Murmeltiere legen in der Nähe viel begangener Wanderwege schnell ihre Scheu ab. Also haben einige Orte eigens Murmeltierpfade eingerichtet, um Wanderern eine weitere Attraktion zu bieten.

Arolla, Avers, Bettmeralp oder Zermatt haben zum Beispiel Murmeltierpfade, an denen Begegnungen mit den grossen Nagern sehr wahrscheinlich sind. Dort haben die Tiere Zutrauen zum Menschen gewonnen. Sie beäugen ihn eher neugierig, als dass sie flüchten.

Futtersäckli: Und natürlich gibt es in Saas-Fee den beliebten «Murmeliweg» am Spielboden. Von Ende März bis in den Oktober hinein kann man hier sein Glück versuchen. Danach sind die Murmeltiere im Winterschlaf. In der Touristeninformation kann man eigens «Murmelifutter» erwerben und sich dann am Berg mit einem Säckli Erdnüsse auf die Lauer legen. Das haben wir natürlich ausprobiert. Mit der Gondel geht es bequem hinauf zum Spielboden. Das leuchtend rote Hinweisschild zum Murmeliweg ist unübersehbar. Ein Abstieg zwischen Alpenrosen führt sehr bald zu den ersten Bauten. Die Schwierigkeit: Der Murmeliweg ist alles andere als ein Geheimtipp.

Rechtzeitig kommen: Murmeltierbauten gibt es hier dicht an dicht. Man muss also rechtzeitig dran sein, um Murmeltiere zu finden, die ihre Tagesration nicht längst im Magen haben. Wer es erst am späten Vormittag hierher schafft, wird vermutlich Pech haben: Leere Erdnussschalen säumen dann die Umgebung der Bauten. Selbst in den Bauten liegen ungefressene Nüsse. Murmeltiere verbringen 90 Prozent ihres Lebens im Bau und verlassen ihn fast nur zum Fressen und Sonnenbaden. Allein schon, um nicht den Hauptfeinden Fuchs oder Steinadler zum Opfer zu fallen. Wer vollgefressen ist, bleibt drin. Nur das dominante Männchen muss regelmässig auf Patrouillengang und sein Revier mit Sekret aus den Wangendrüsen markieren.

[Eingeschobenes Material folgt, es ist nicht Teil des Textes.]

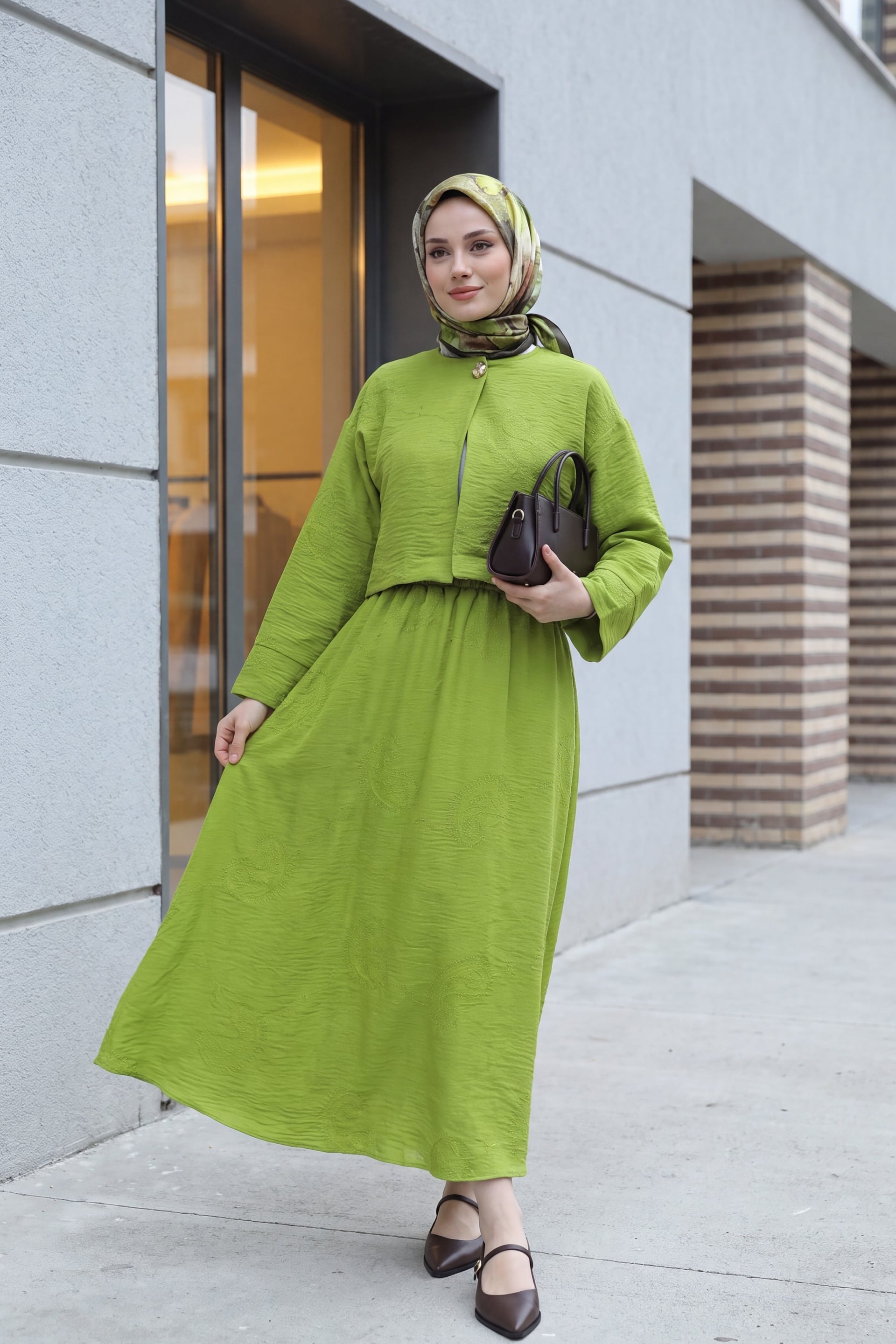 Single Button Embroidered Skirt Set with Linen Look - Pistachio Green - Podyumplus - by Peralane - photo 3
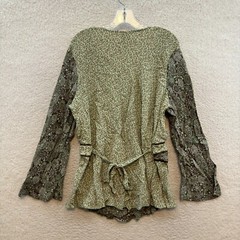 Y2K Vintage Top Blouse 18 20 Green Ditsy Floral Boho Fairy Grunge Cottagecore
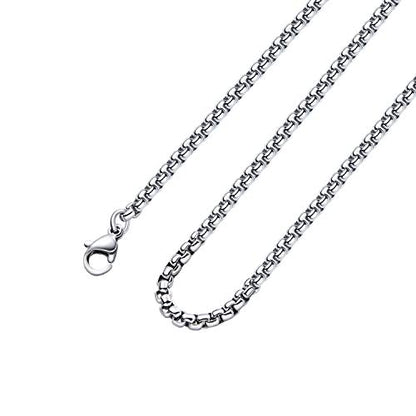 Square Rolo Chain Necklace Stainless Steel Round Box Necklace for Men & Women - size: 20 Inches, style: 2 mm Wide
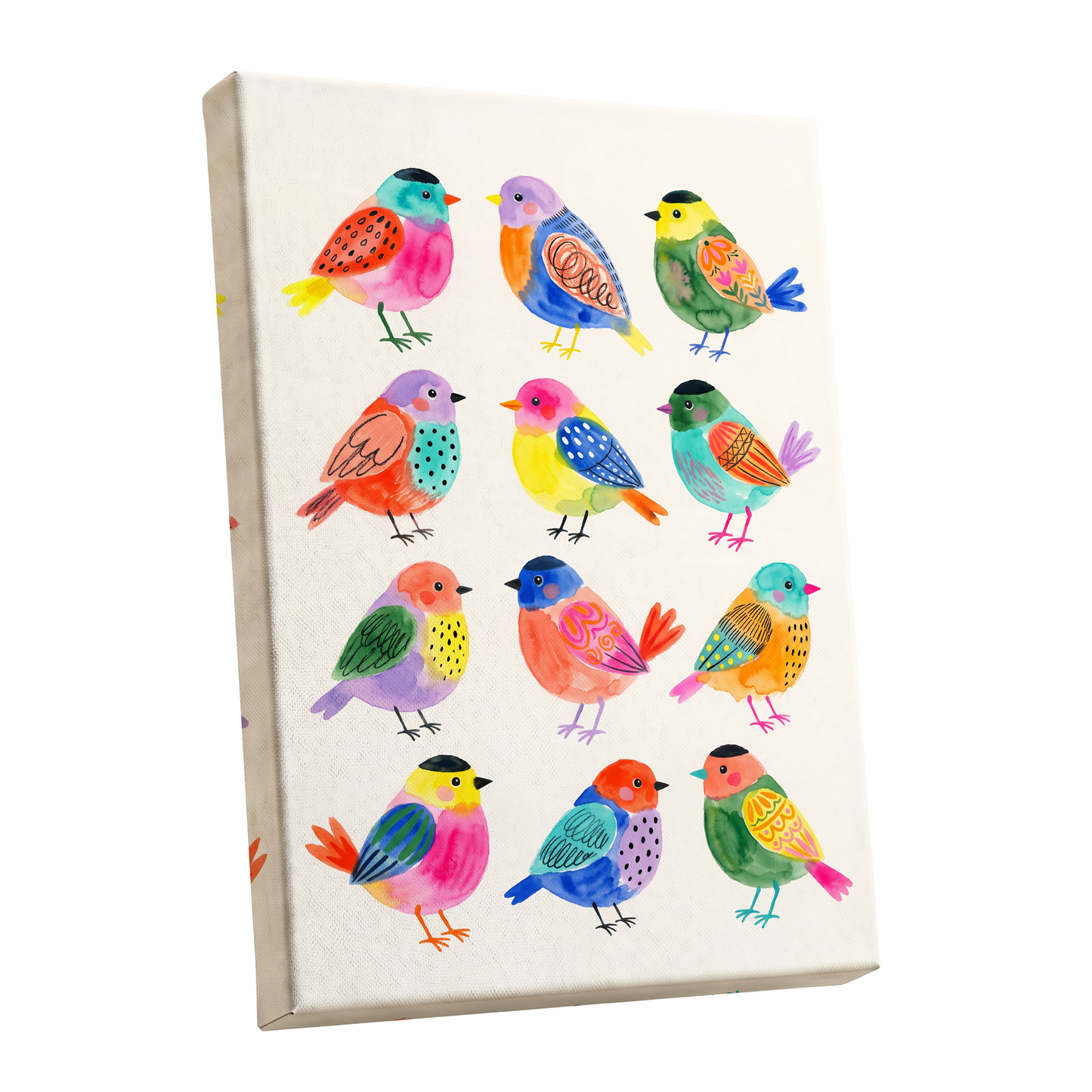Festival Flock, multicolor, pink, blue nature wall art shown as a stretched canvas wall art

Nicht scheu: Man kann auch einfach einige Hügel weiter gehen. Die Zahl der Besucher, die sich ihren Weg durch die Alpenrosen suchen, nimmt schnell ab. Und damit auch die Menge der Erdnussschalen. Hier oben sind nicht die hochalpinen Wanderer unterwegs, sondern eher gemütlichkeitsliebende Spaziergänger, die Sonne und Aussicht in der Nähe der Gondelbahn geniessen wollen. Ist man erst einmal weit genug abseits der Hauptroute, heisst es Geduld haben. Die Murmeltiere sind hier schon lange nicht mehr scheu. Wer sich lange genug ruhig verhält, kann das Glück haben, dass das Tier nicht nur die als Lockspur ausgelegten Nüsse und Rüeblistücke in sich hinein nagt, sondern bald sogar aus der Hand frisst. Trotz der eindrücklichen Nagezähne sind die Murmelis dabei ganz sanft und nehmen die Nuss sogar zart aus der Handfläche entgegen. Und ja, das fühlt sich ganz wunderbar an.